Besides, he said, Medicaid doesn’t even cover the cost of providing the care. If anything, Deal said, the federal government should block-grant the funding for Medicaid to Georgia “to allow us to design a Medicaid delivery program as best we see fit.”

In the alternative, he said the federal government should drop its prohibition on subsidies to buy private health insurance in the Marketplaces for those who are eligible for Medicaid.

“What they have now is they do subsidize private insurance purchases at a certain level,” Deal said. “They do not drop it down to pick up where a state’s Medicaid eligibility leaves off. It would seem to me that would be a more appropriate way to deal with it.

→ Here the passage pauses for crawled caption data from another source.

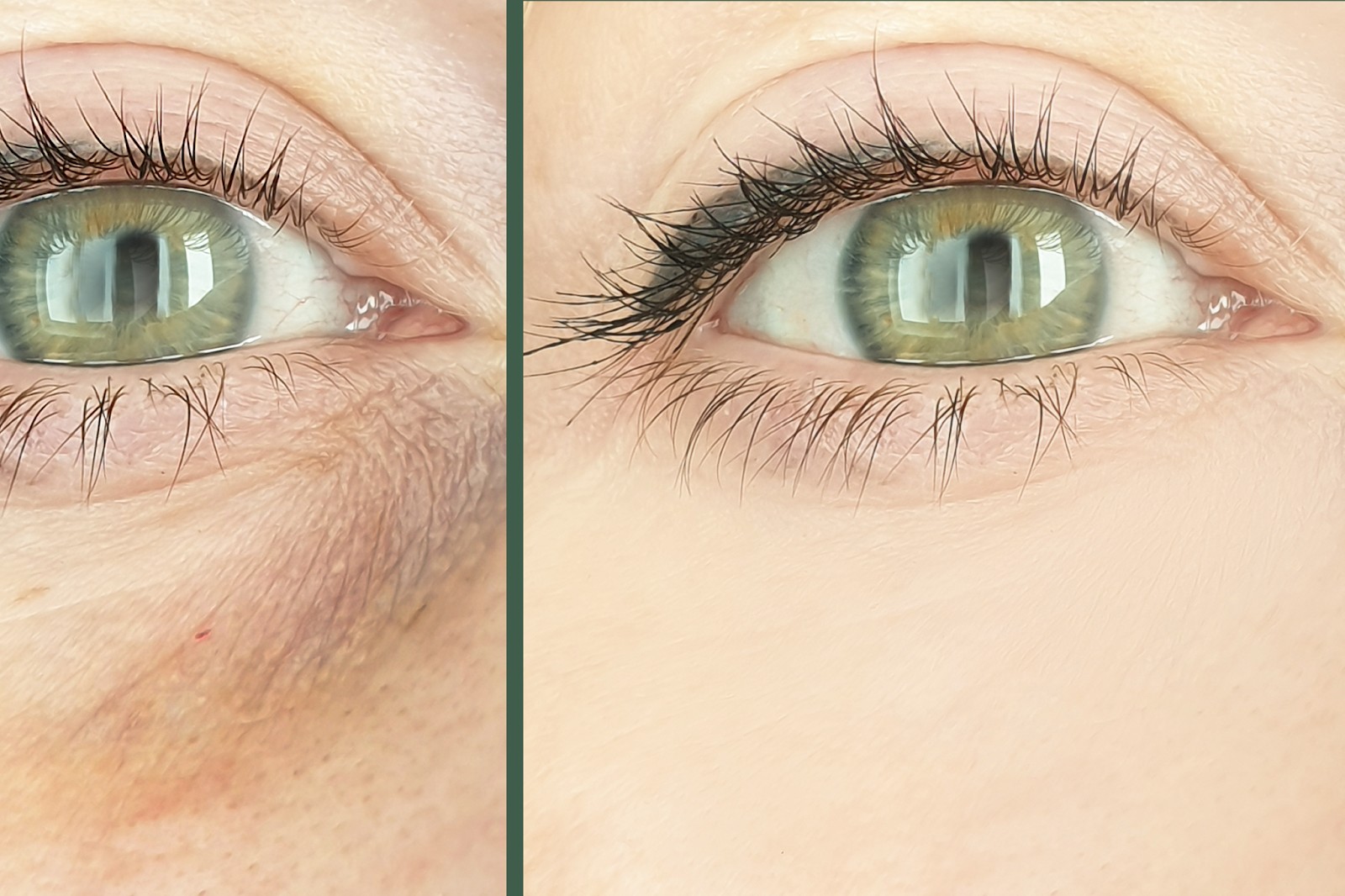How Long Does Under Eye Filler Last? The Mews Beauty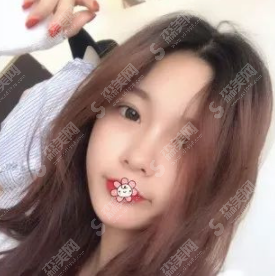 全切双眼皮恢复案例一览,看看是你想要的果吗?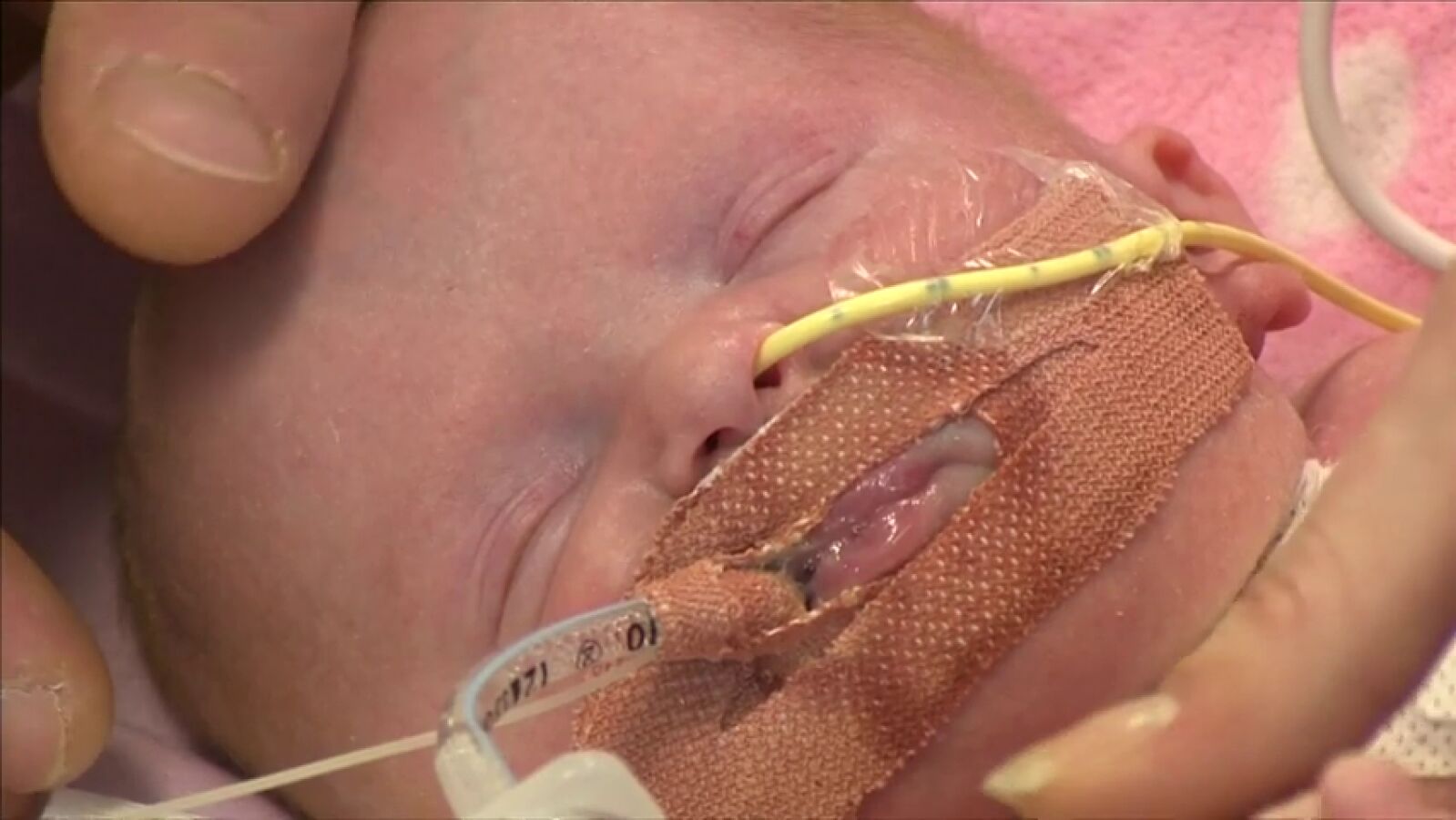 Nace en Reino Unido un bebé con el corazón fuera del pecho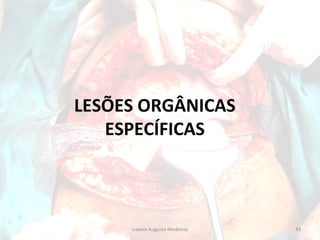 LESÕES ORGÂNICAS
ESPECÍFICAS

Izabela Augusta Medeiros

43

 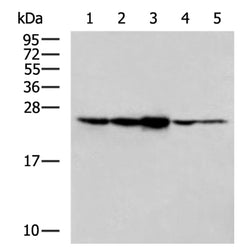 RAB11A rabbit polyclonal antibody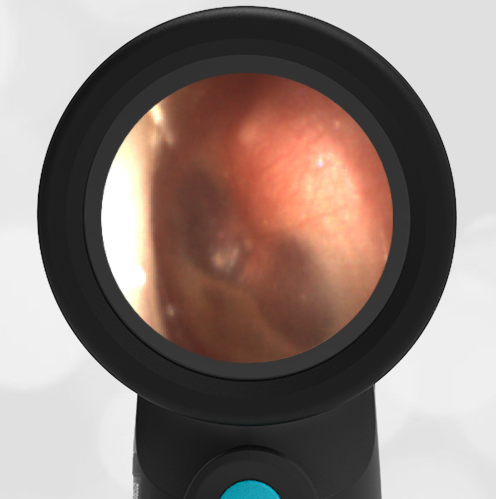 2-year-old with a Cough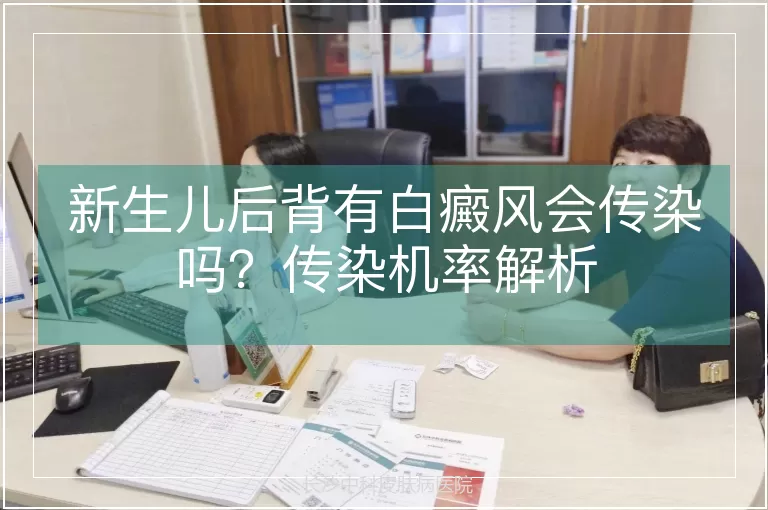 新生儿后背有白癜风会传染吗？传染机率解析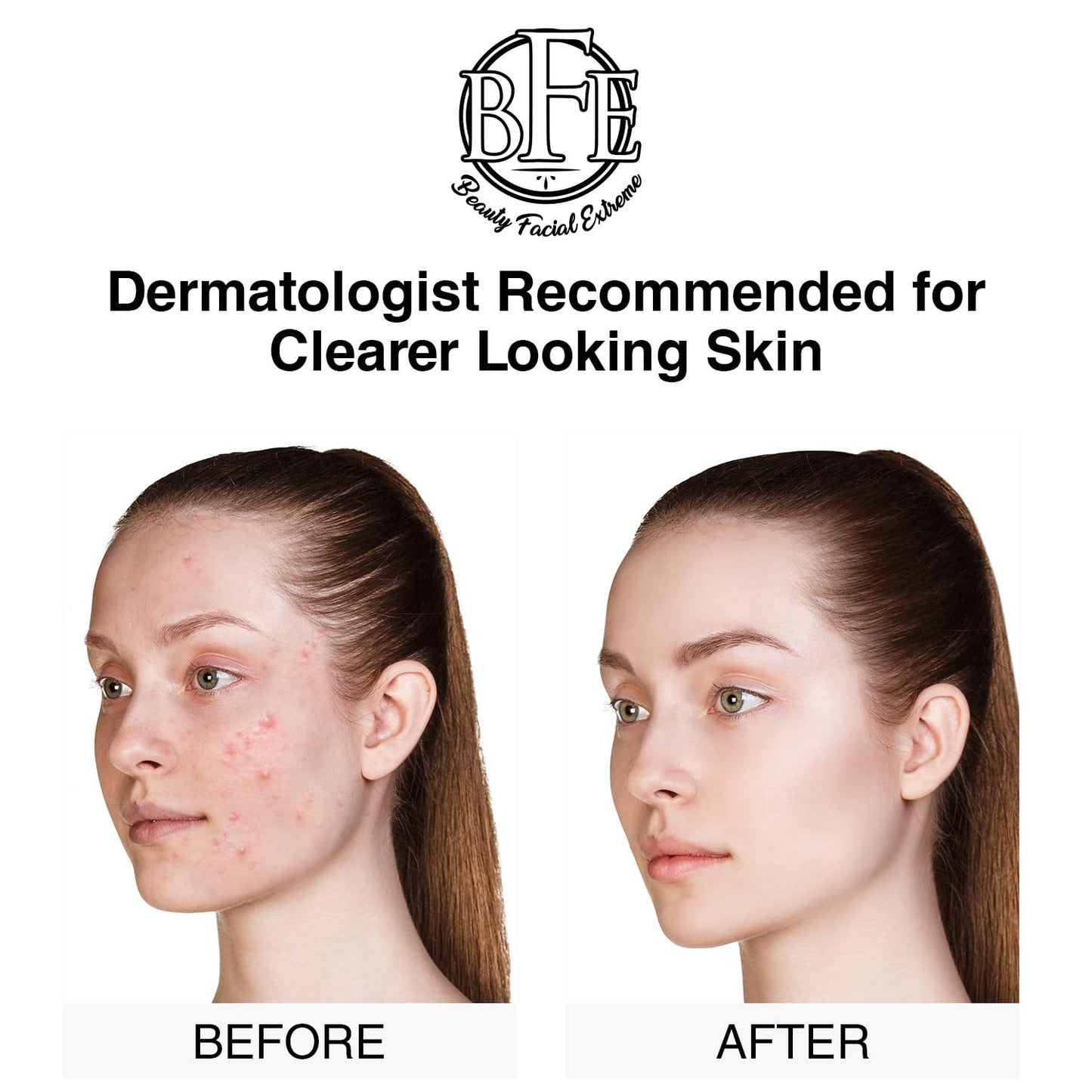 Acne Treatment Pads - Clear Cystic Breakouts & Clogged Pores | Improve Skin Texture & Reduce Dark Spots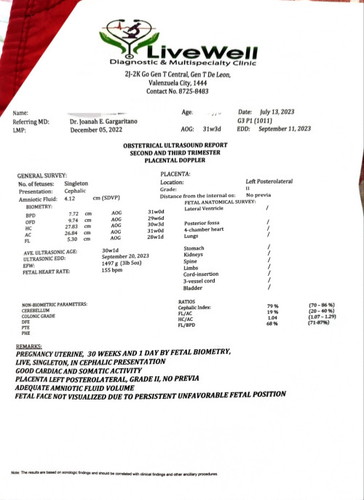 NORMAL LANG PO BA RESULT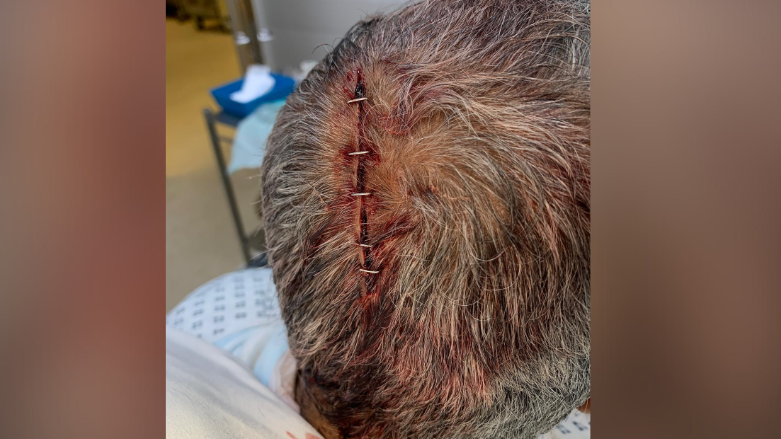 Close up of the back of the victim's head which is covered in short grey hair. In the middle their is a gash held together with staples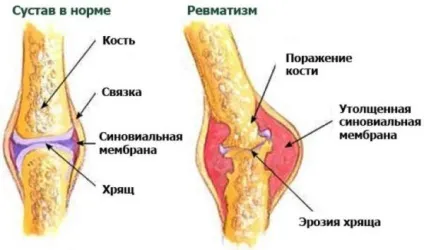 Чим небезпечний фарингіт ускладнення і наслідки захворювання (наслідки) Чим небезпечний фарингіт ускладнення і наслідки захворювання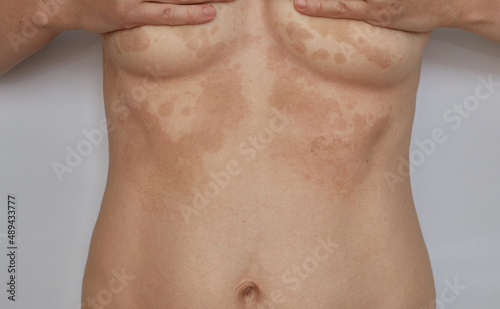 Shingles, Pityriasis on the skin. Skin diseases and dermatological problems. photo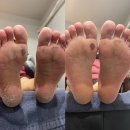 [인천 부평] 문제성 피부 전문 몽몽드 피부관리샵 패디 플래닝, 슈텀프 후기 + 내돈내산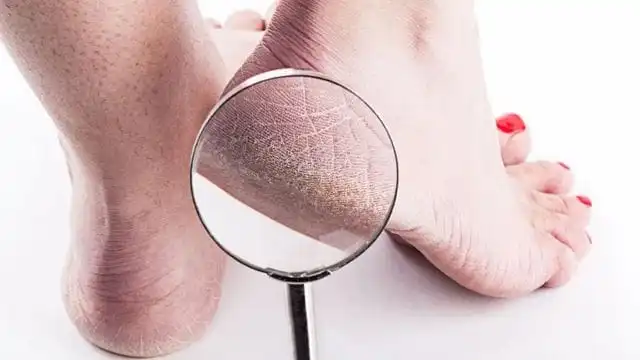 Estética Facial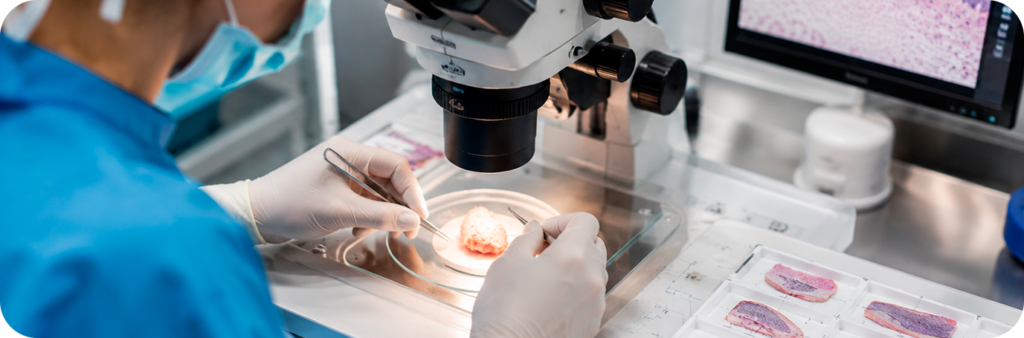 Cirurgia Micrográfica de Mohs interna - Dra Luciana Borsoi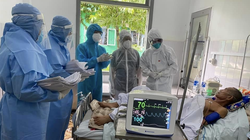 Các bác sĩ điều trị cho bệnh nhân nặng (Ảnh: BS. Lương Quốc Chính) 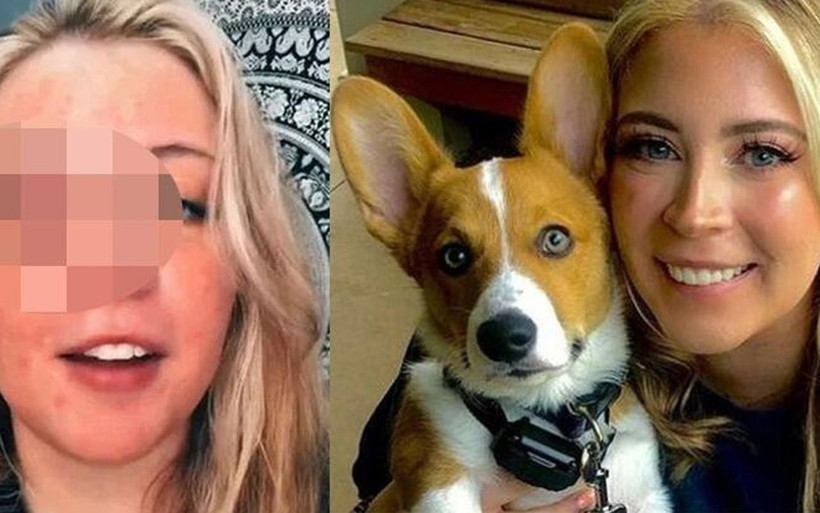 Güzelleşmek için gitmişti göz kapağını bıraktı! ABD'de köpek saldırısı dehşeti - Resim: 1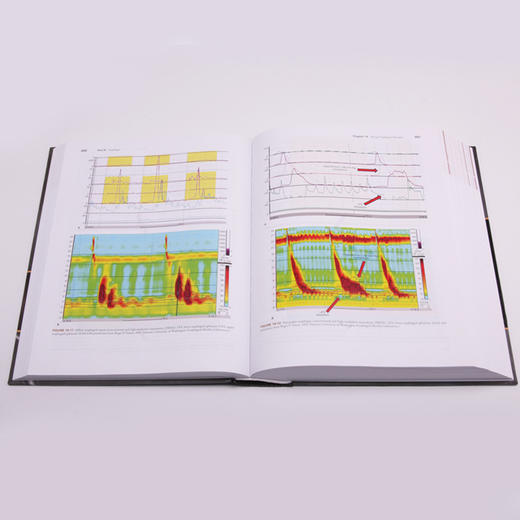 【正版包邮】Maingot腹部手术（第12版）（英文版） Maingot's Abdominal Operations 商品图3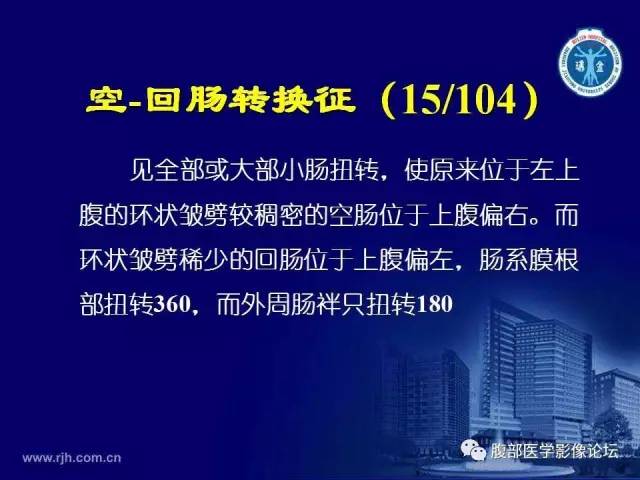 【PPT】急腹症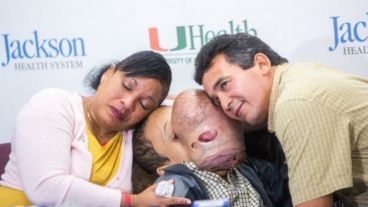 Emanuel había nacido con una displasia fibrosa poliostótica.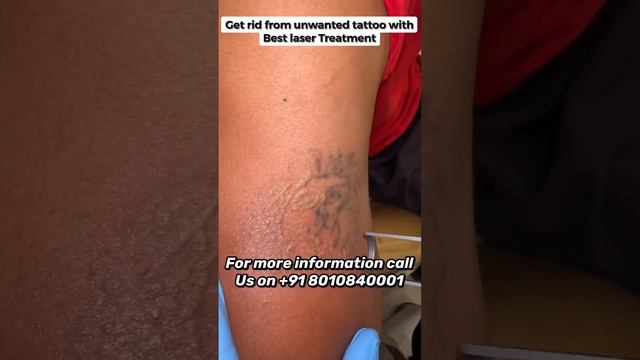 World’s best laser for Tattoo Removal Treatment at Dr  Kasana’s Clinic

It doesn’t make any sense if you are going to give subsidies to people further up the economic scale but not give it to people who are further down the economic scale.”

But there are a couple of problems with that idea, Sweeney said. One, Medicaid is designed for poor people and to limit the costs of their care. A policy with significant co-pays and a $4,000 deductible “would be totally unaffordable and it would make the coverage useless,” he said, for someone making $10,000 a year. “That’s like not having insurance.”

And having the federal government add significantly to the subsidies it provides to cover premiums would be much more expensive, Sweeney said.

“Many people objecting to the Medicaid expansion have done so on the grounds that the federal government doesn’t have the money to do it,” he said. “It is a bad idea from a federal spending standpoint. This alternative would result in more federal spending.”

People in rural areas are already twice as likely to be dependent on Medicaid and while the payments are low “that Medicaid reimbursement is so much better than zero,” Sweeney said.

Medicaid expansion would help, Lewis said.

But “we have so may things going on in Georgia, this would not be the silver bullet,” he said.